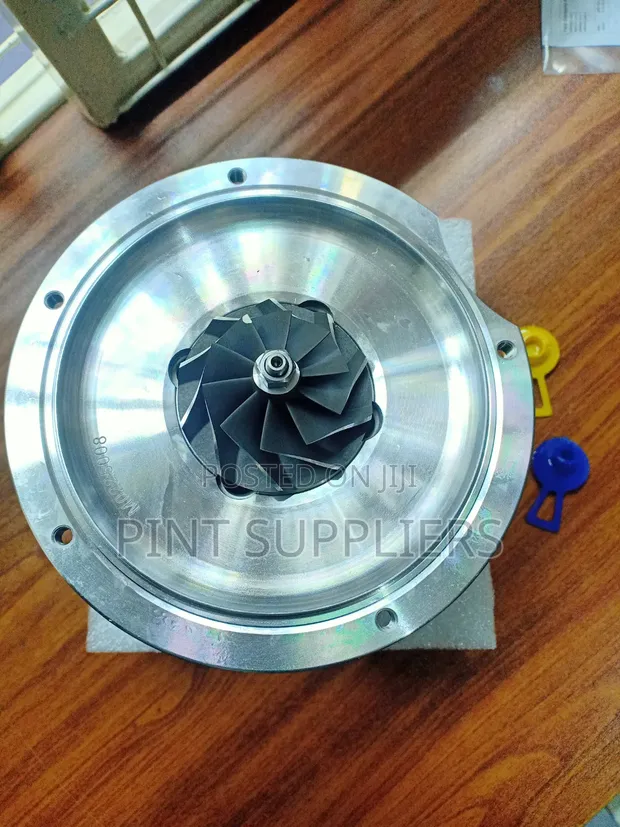 Ford Ranger 2.5L Turbo Cartridge - 1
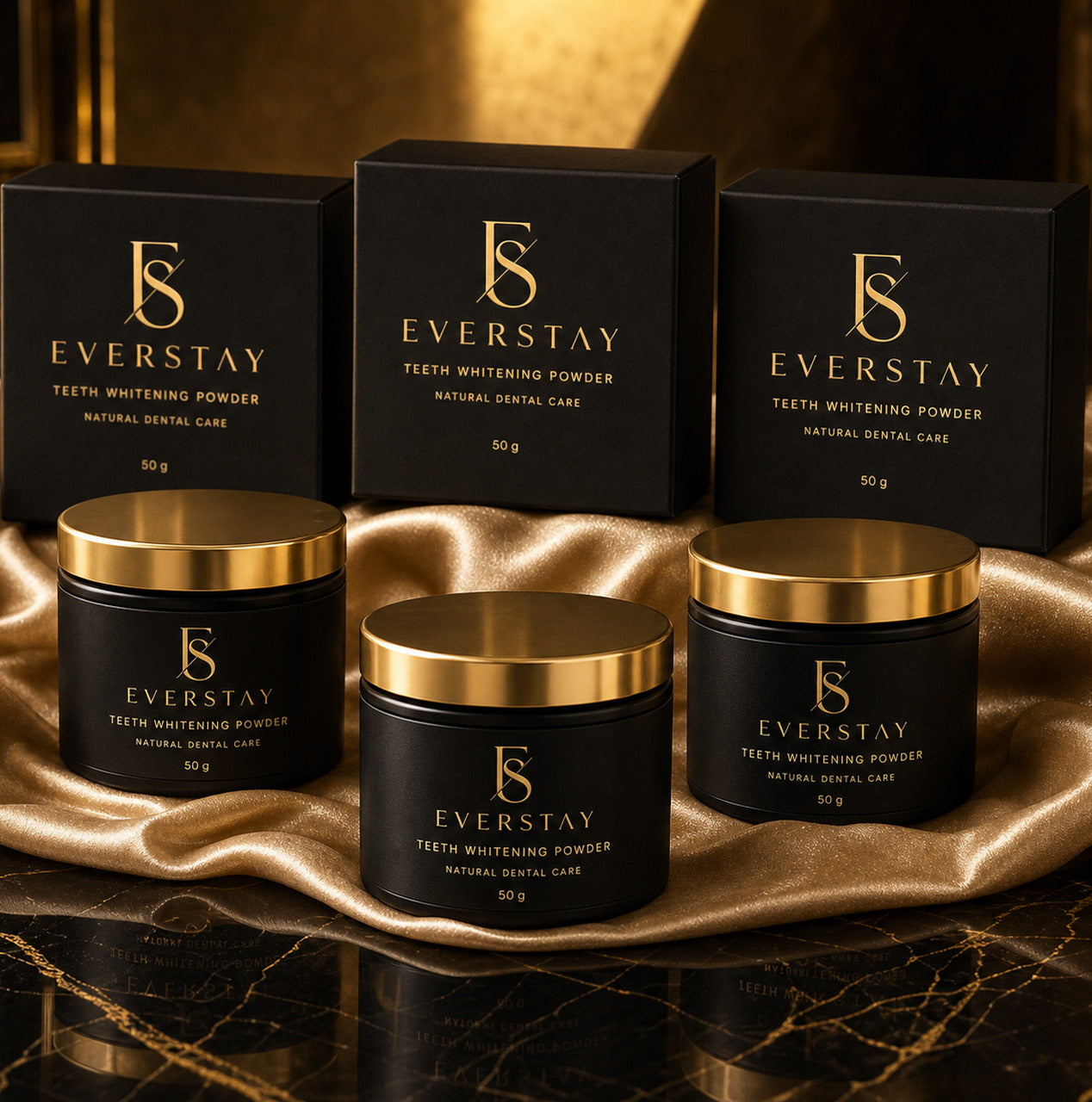 EVERSTAY Complete Confidence Bundle image 4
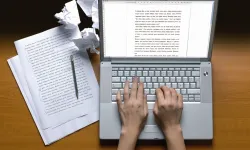 Makalelerde üçüncül kaynak nedir?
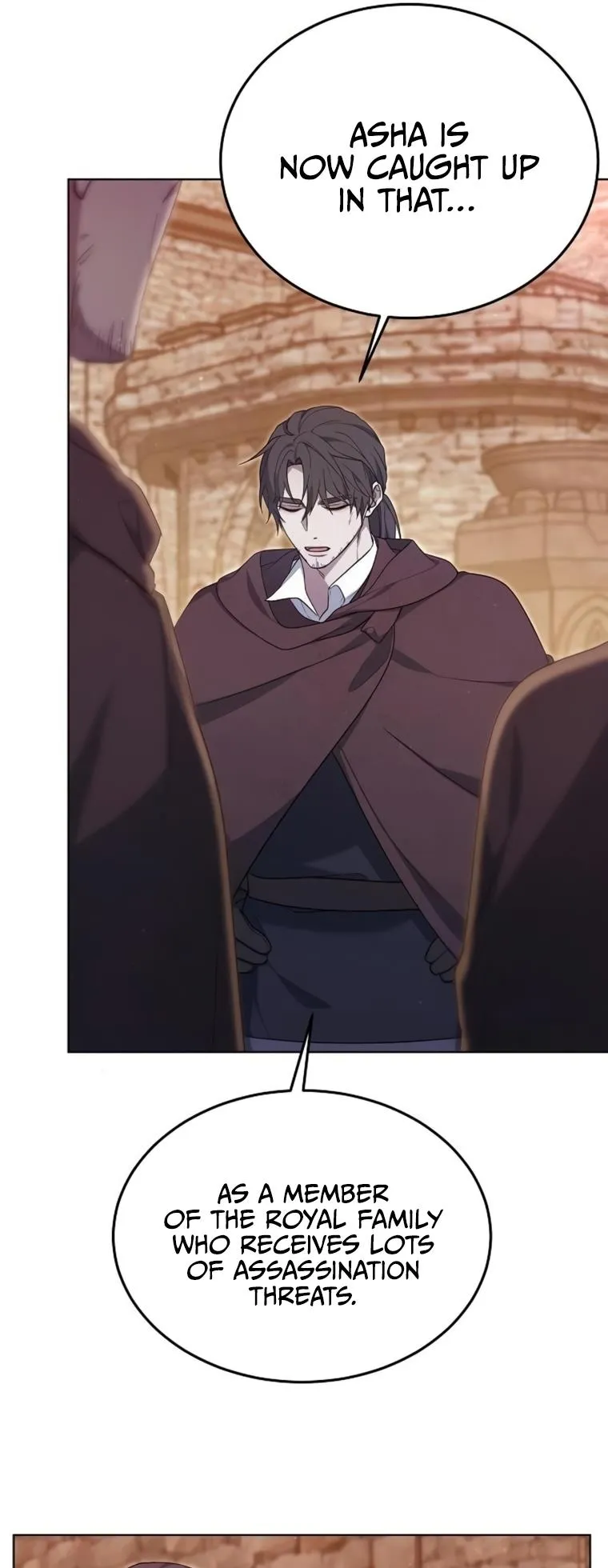 Age Of Arrogance Chapter 5 page 37 - 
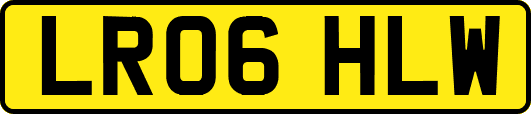 LR06HLW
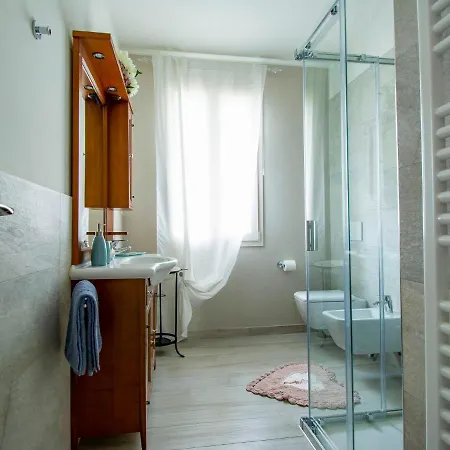 Del Sole By Interhome Bientina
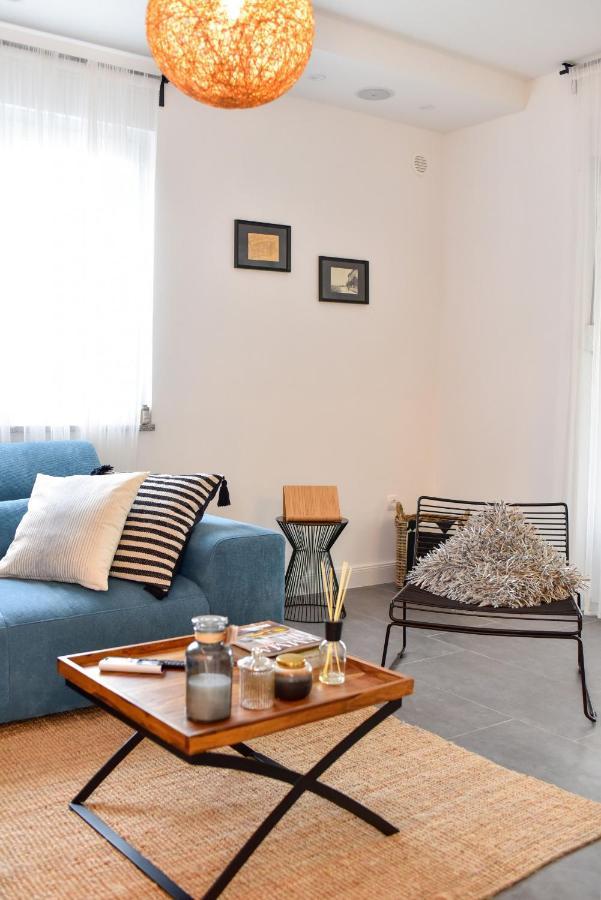 Villa Teuta Zadarvillas מראה חיצוני תמונה
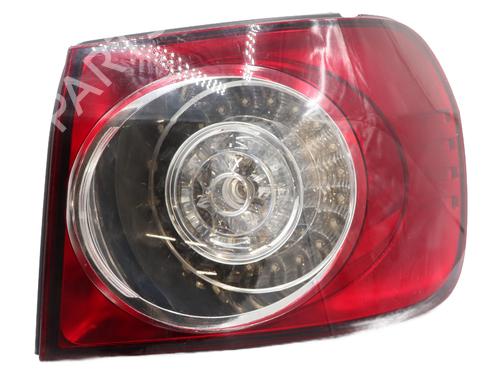 Right taillight VW GOLF PLUS V (5M1, 521) 1.9 TDI | BP32474741C35 - Image 7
···
A word-for-word copy of the records is required. Leave out every picture.

#### OUTPUT BELOW:
 Ford Ranger 2.5L Turbo Cartridge - 1
 EVERSTAY Complete Confidence Bundle image 4
 Makalelerde üçüncül kaynak nedir?
 Age Of Arrogance Chapter 5 page 37 - 
 LR06HLW
 Del Sole By Interhome Bientina
 Villa Teuta Zadarvillas מראה חיצוני תמונה
 Right taillight VW GOLF PLUS V (5M1, 521) 1.9 TDI | BP32474741C35 - Image 7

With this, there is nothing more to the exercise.